Today, however, the poem is probably much more famous for being "that other ancient Middle Eastern saga in which a geezer builds a humongous boat and fills it with animals to escape a Global Flood." But to be clear, the Gilgamesh Epic is not in any sense "about" the Flood. Gilgamesh himself isn't a witness to the deluge, which occurred long before he was born; here, the Flood is a story-within-a-story that another character relates in the past tense, and only near the end of the Epic.

In the broadest terms, the Epic's major plot arc describes how a superhuman-but-mortal Sumerian king, traumatized by the death of his best friend, tries and fails to discover the secret of eternal life -- yet although he fails to attain literal immortality, his Fame becomes immortal.
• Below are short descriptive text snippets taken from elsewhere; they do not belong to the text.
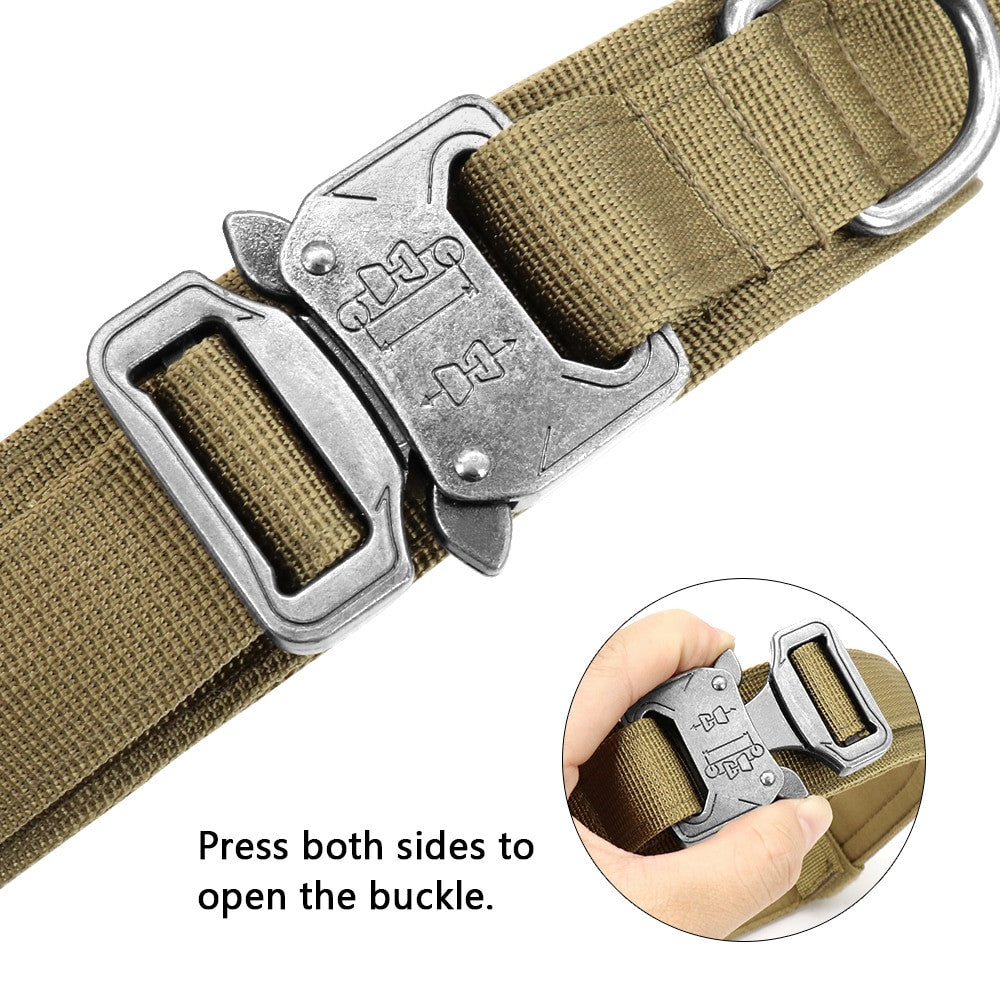 Military tactical dog collar and leash set in durable nylon for medium to large dogs — view 4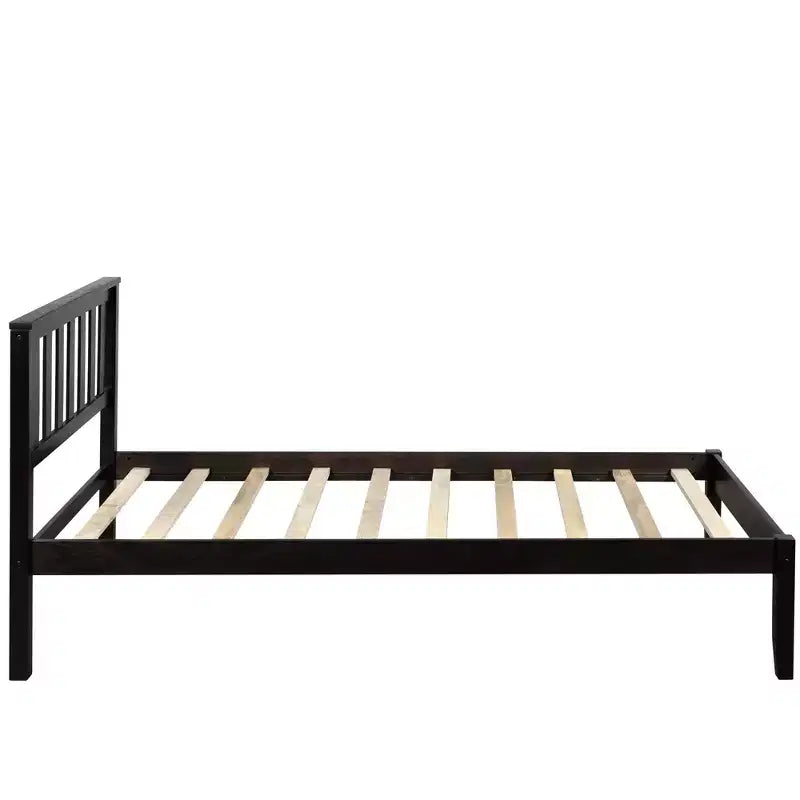Lit plateforme minimaliste en bois double Whisen avec tête de lit/support à lattes en bois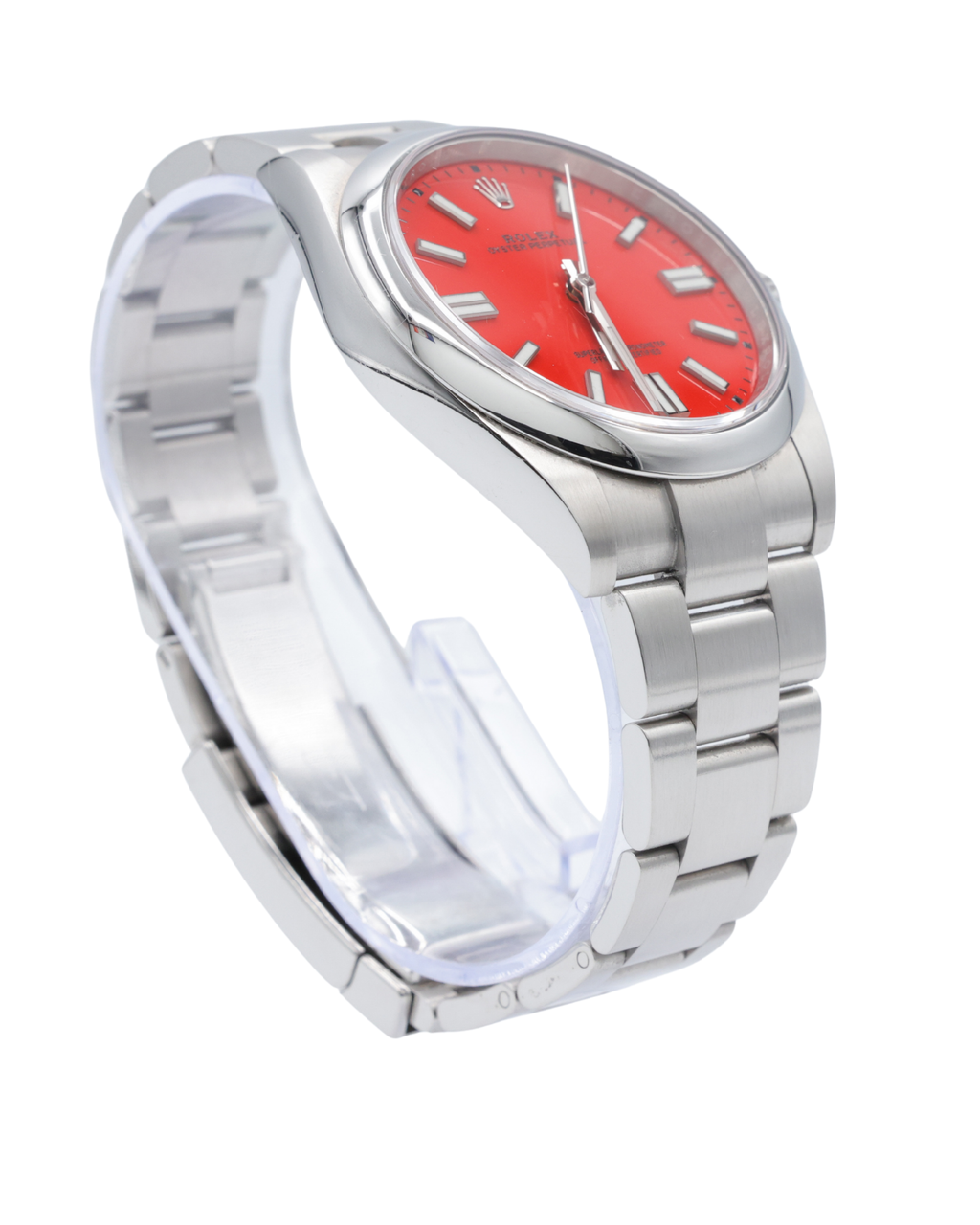 Rolex Oyster Perpetual 41 Coral Red Index Dial on Oyster 124300 Complete 2021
Compared with the works of Homer or Vergil's Aeneid, this "epic" is fairly brief -- the David Ferry version comes in at just under 90 pages. But since not everyone enjoys wading through long poems in iambic-pentameter couplets, and since it's full of unfamiliar Sumerian or Akkadian names that are sometimes easy to confuse, I've put together a handy-dandy "Cliff Notes" guide for lazy kollidge stoonts:
  • Contents
  1. General Background
  2. Tablet-by-Tablet Plot Summary
  3. Glossary of Persons and Places
  4. The Two Flood Narratives Compared
  5. Gil & Enk: Friends, or "Friends"?? (if you know what I mean, ahem)
Most of what follows comes from my own notes that I jotted down while reading and re-reading the poem, though certain comments about geography, history, and linguistics were gleaned and/or fact-checked with various textbooks and wikipedia. Bracketed text in red italics is my own thinking-out-loud speculation about the possible symbolism, and shouldn't be taken as representing actual scholarly consensus!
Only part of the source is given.